Best Cookbooks to Gift This Year

Is it just me or are cookbooks back? I’ve always loved cookbooks but for a while there, I was getting my recipes online. But what cookbooks lack in brevity, they make up for it with personalities that make you feel as though you’re cooking with them in the kitchen, travel stories that make you feel like each bite is a different part of the world, or a restaurant book that lets you recreate your favorite recipes at home, in my opinion, cookbooks are the perfect gift. To help you select the perfect cookbook for you and yours this holiday season, we’ve rounded up some of our all time favorites (for gifting or for just keeping).

Starting with a classic, J. Kenji Lopez-Alt’s The Food Lab is a modern one. Lopez-Alt is a recipe whiz, but more importantly, great at explaining the science behind why these cooking methods and techniques are important and essential. There’s no cookbook out there I’ve learned more from, making this the perfect gift for a beginner chef or an experienced epicure (if it’s not on their shelf already).

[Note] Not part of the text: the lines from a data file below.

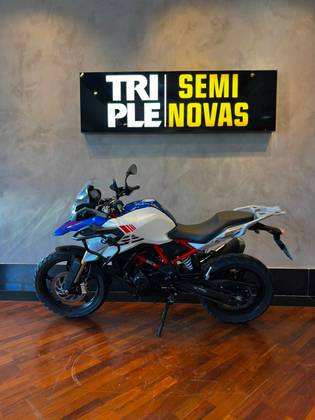 BMW G 310 GS BMW G 310 GS
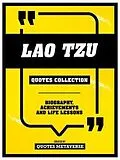 E-Book (epub) Lao Tzu - Quotes Collection von Quotes Metaverse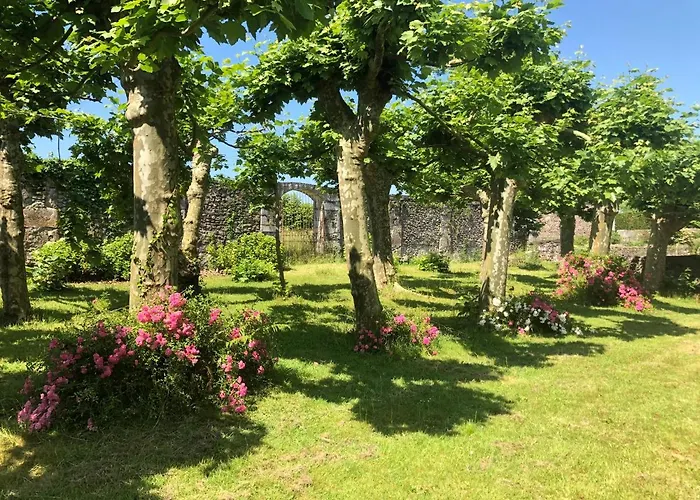 Chateau Porthos Tranquillite Des Pyrenees Feriehus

If you haven’t gone down the rabbithole of Pasta Grannies on YouTube, you should. This is the book version, which includes pasta recipes from all regions of Italy, made by some of the best home cooks out there. This book makes pasta approachable, fun, funny, and easier than you’d think. If these grannies can do it, so can you.

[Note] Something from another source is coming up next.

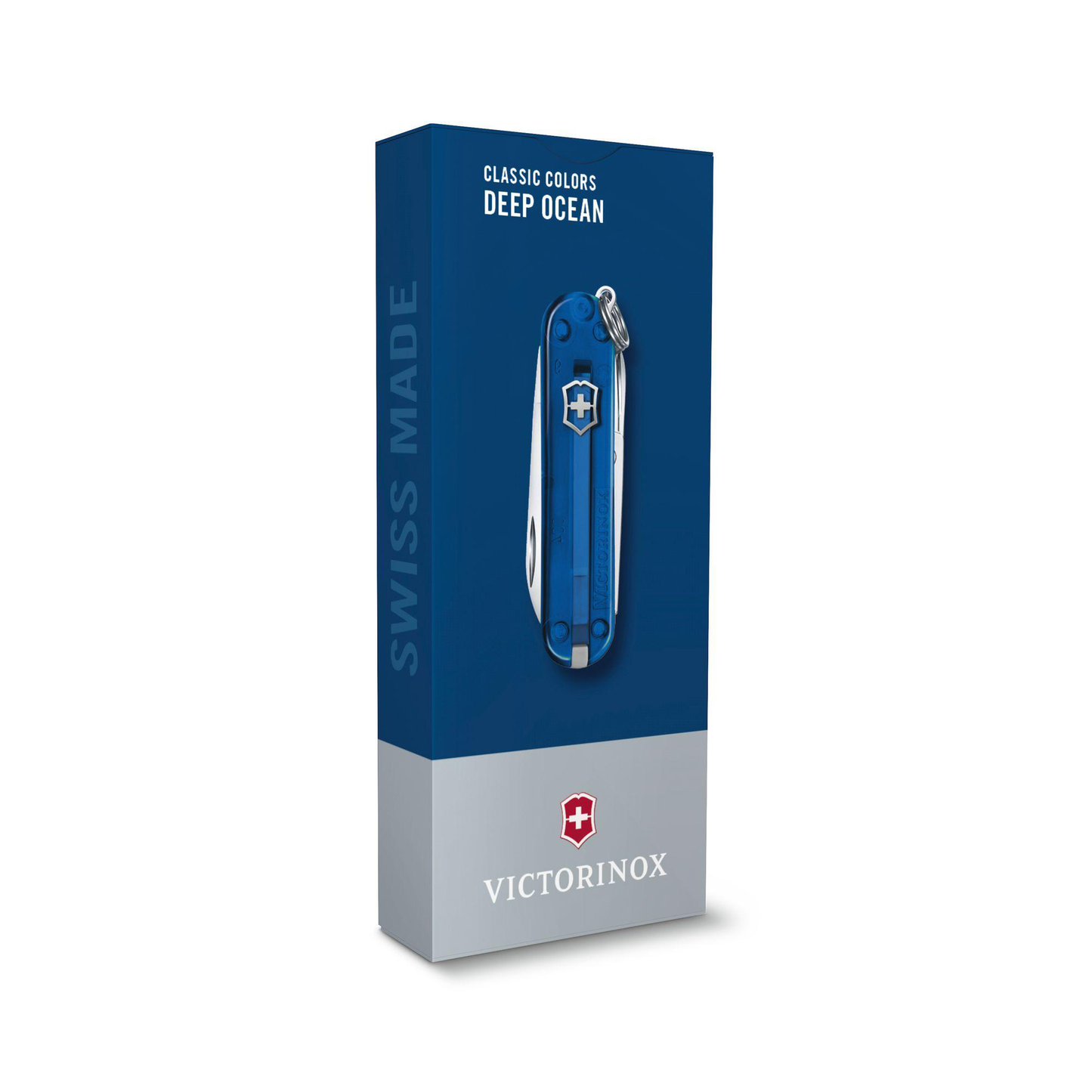 Victorinox Classic SD Transparent (0.6223.T2G)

Another grandmother book, Somali chef Hawa Hassan presents 75 recipes and stories gathered from bibis (grandmothers) in several African nations. The recipes themselves are almost shockingly easy to make, and the food is transportive. Flavors I’ve never experienced come to life, and so do the stories behind those flavors. This is a cookbook for someone seeking something different.

This is an inspirational baking book. Ex-Bon Appetit Claire Saffitz is both technically skilled and lovingly transparent in her shortcomings, to create a book that is filled with delicious, decadent desserts. Some involve skills you didn’t know you had, but all are easier to bake than you’d think, and the feeling of accomplishment only adds to the chocolatey goodness.

From acclaimed NY Chinatown Dim Sum spot Nom Wah comes a cookbook that unveils the secrets of Chinese Cooking. Filled with mouthwatering dumpling recipes, noodles, and a chicken feet recipe I’m going to give a shot one of these days, this is a perfect gift for the dumpling lover in your life.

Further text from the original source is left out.